# Italian Bread



## Demented (Nov 7, 2006)

Sponge

100gr. Bread flour
1 t. Dry yeast
1 C. water, 110º

Mix yeast and water, allow about 5 minutes. With a wooden spoon slowly mix flour into water, cover with a flour sack towel let sit overnight.

Dough

400 – 500 gr. Bread flour
1T. Dry yeast
2 T. Salt
2 C. Water 120º - 130º

Stir down the sponge then add water, yeast and salt, mix well.

Add flour ½ C. at a time mixing after each addition until a shaggy mass has formed, the dough should clean the sides of the bowl. Turn the dough out onto a lightly floured work surface.

If using a mixer, use the flat beater to mix the sponge, water, yeast, salt and the first two or three additions of flour. Once the dough starts gaining mass switch to the dough hook.
Knead it for about 10 minutes; adding just enough flour to keep it from sticking, too much flour will toughen the dough.

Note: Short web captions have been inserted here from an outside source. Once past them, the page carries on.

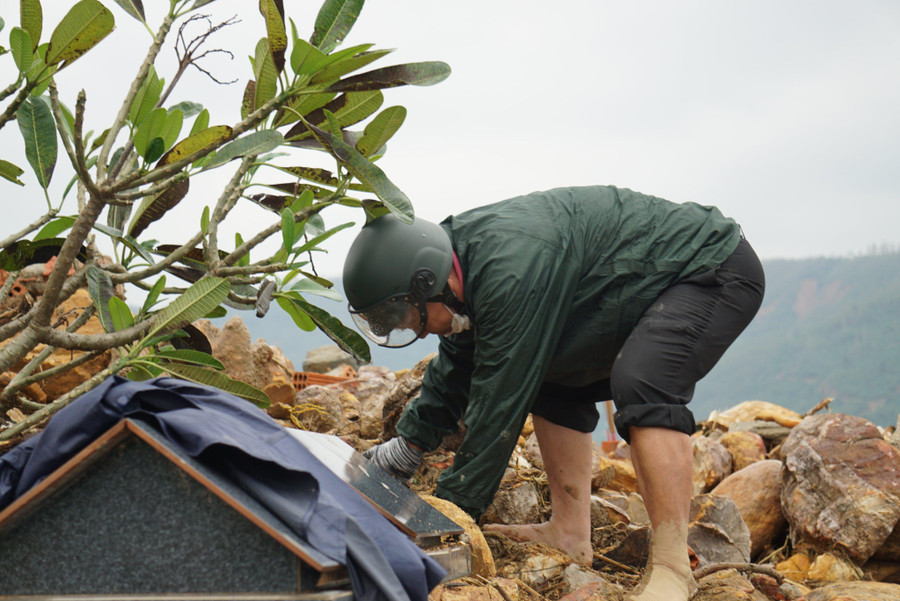 Hàng trăm người có mộ người thân bị đất đá vùi lấp đang tập trung tại đây, nhiều người thẫn thờ tìm mộ thân nhân.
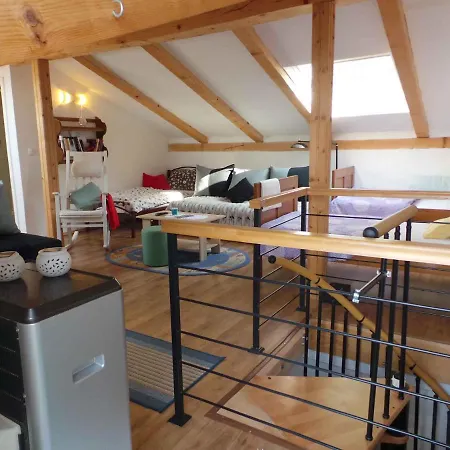 Studio In 30372 *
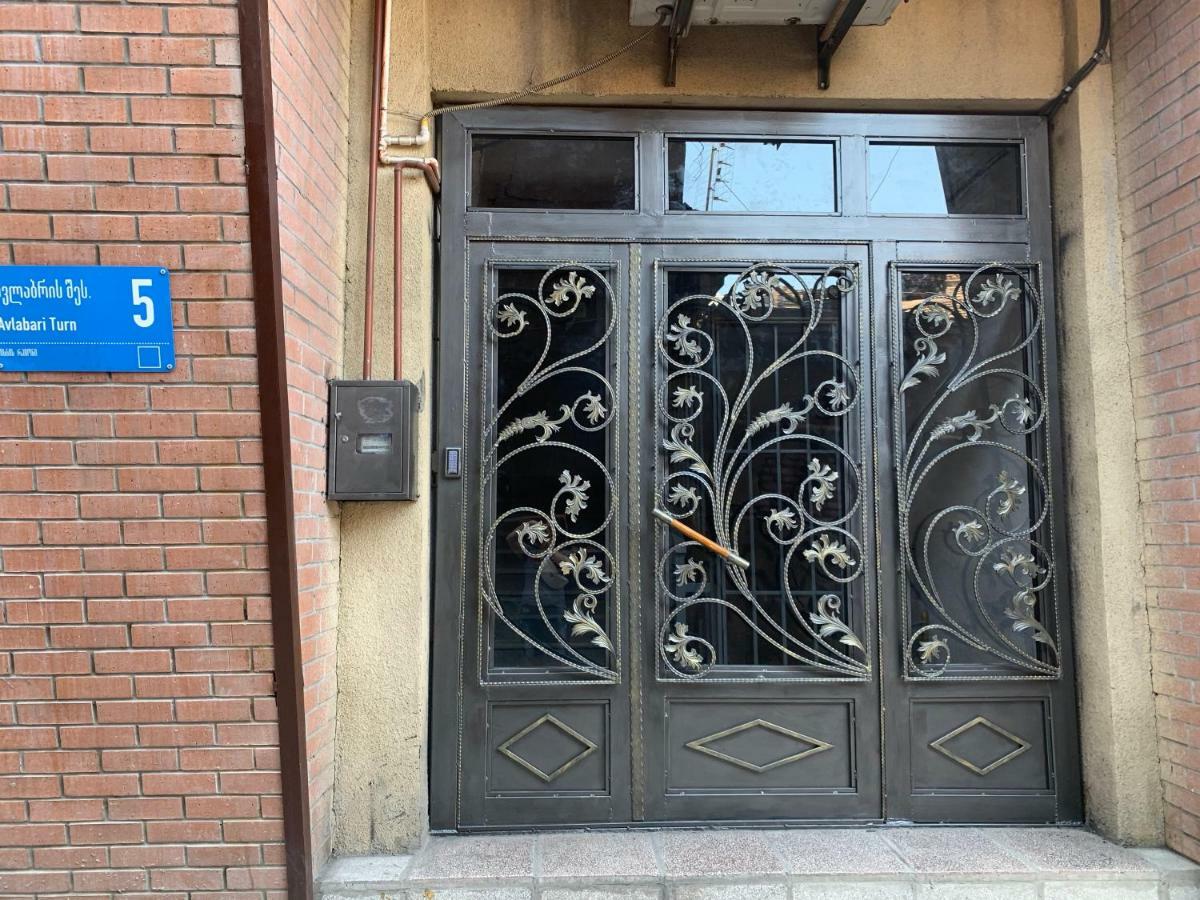 Lilika Apartments On Meskhishvili Tbilisi Exterior foto
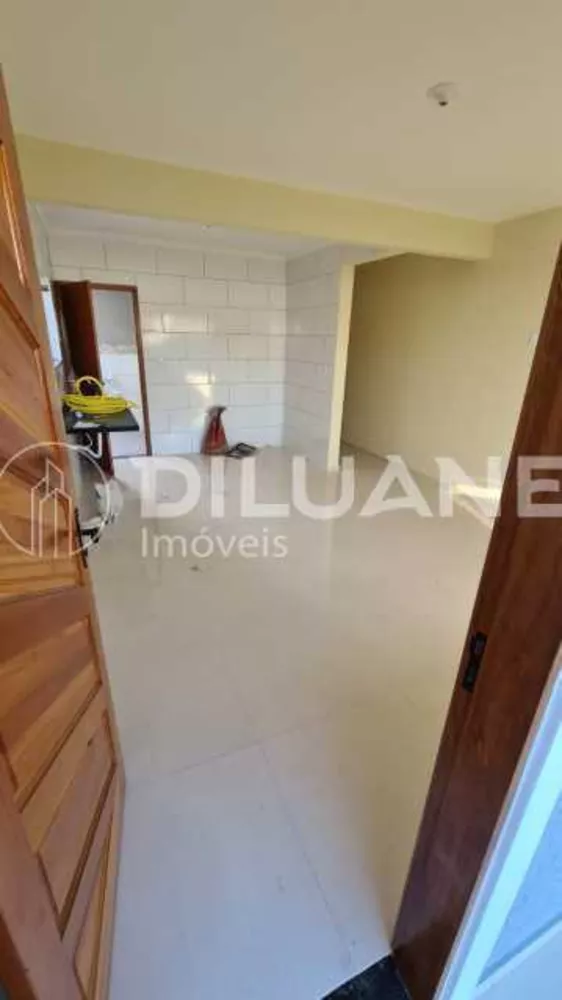 Casa à venda com 2 quartos, 70m² - Foto 4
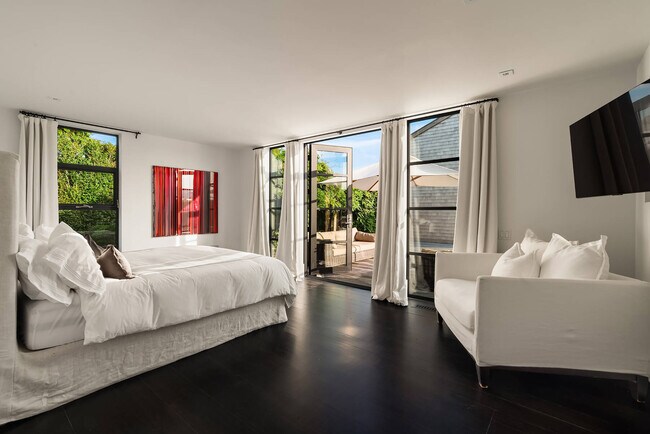 Building Photo - 811 Halsey Ln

Place a casserole half full of hot water on the floor of the oven, before putting dough in the oven to rise.

Let it rise for 1 1/2 hours, the dough needs to double in size.

Push the dough down, fold it in on itself a couple of times before turning the dough out and kneading it 10 minutes.

Return dough to the bowl and the bowl to the oven, do this for each rising.

Let it rise a second time until it has doubled in size, about an hour.

Push the dough down, fold it in on itself a couple of times before turning the dough out and kneading it 10 minutes. Let it rise a third time until it has doubled in size, about an hour.

Turn the dough out onto a baking sheet, shape it into a loaf with as little handling as possible.

Pour boiling water in to the casserole on the floor of the oven.

Bake the loaf at 400º for 15 minutes; turn the baking sheet around, remove the casserole then bake 300º for 25 –35 minutes or until the loaf sounds hollow when the bottom is thumped.

© A. J. Di Liberti 2007


----------



## Papichulo (Jan 21, 2007)

THanks for the recipe!


----------



## Syekick (Jun 5, 2007)

It looks like it will make a great loaf. Thanks for the recipe.

Ah Italian bread. A crust so thick that you could almost pull your teeth out ripping off a hunk. After we left Sicily and returned to the States, I spent a decade trying to duplicate common Italian bread. I never could get the thick, hard crispy crust and honeycombed rough bread texture. I tried everything from oven bricks, steam, and every kind of flour in a five state area. (I was in Washington DC during most the time.) I miss that stuff.


----------



## sailchaser (Jun 16, 2007)

I love warm bread as much as MCS likes cake ,I'm going to give this on a whirl on wed my next day off. Thanks for the recipe


----------



## atlacatl (Sep 18, 2006)

Sounds like a great recipe, thanks!


----------



## duhman (Dec 3, 2007)

I'm making this now. It's on the second rising. If I am succesful I will post pictures and a review.


----------



## duhman (Dec 3, 2007)

Here is my first attempt at making Italian bread.










The loaf came out wide and not tall. I thought it would be more like frenchbread. I added all the flour to it but it may have needed more.
The crust was thin and crunchy like an eggshell with a thin tough layer just underneath. The inside was heavy and spongy. The main flavor was the yeast (Red Star original) that I used. Half the loaf was gone within 15 min. of taking it out of the oven. Everybody said it was great.
I made a salami, turkey and munster cheese with mustard sandwich.









Pretty good.
Hey, Demented, is this how it should turn out? Any suggestions? How about sourdough? Thanks for the recipe.


----------



## Demented (Nov 7, 2006)

One thing you must do after taking a loaf from the oven, is wait a least a ½ hour before cutting the bread… If you don’t the bread takes on a spongy texture.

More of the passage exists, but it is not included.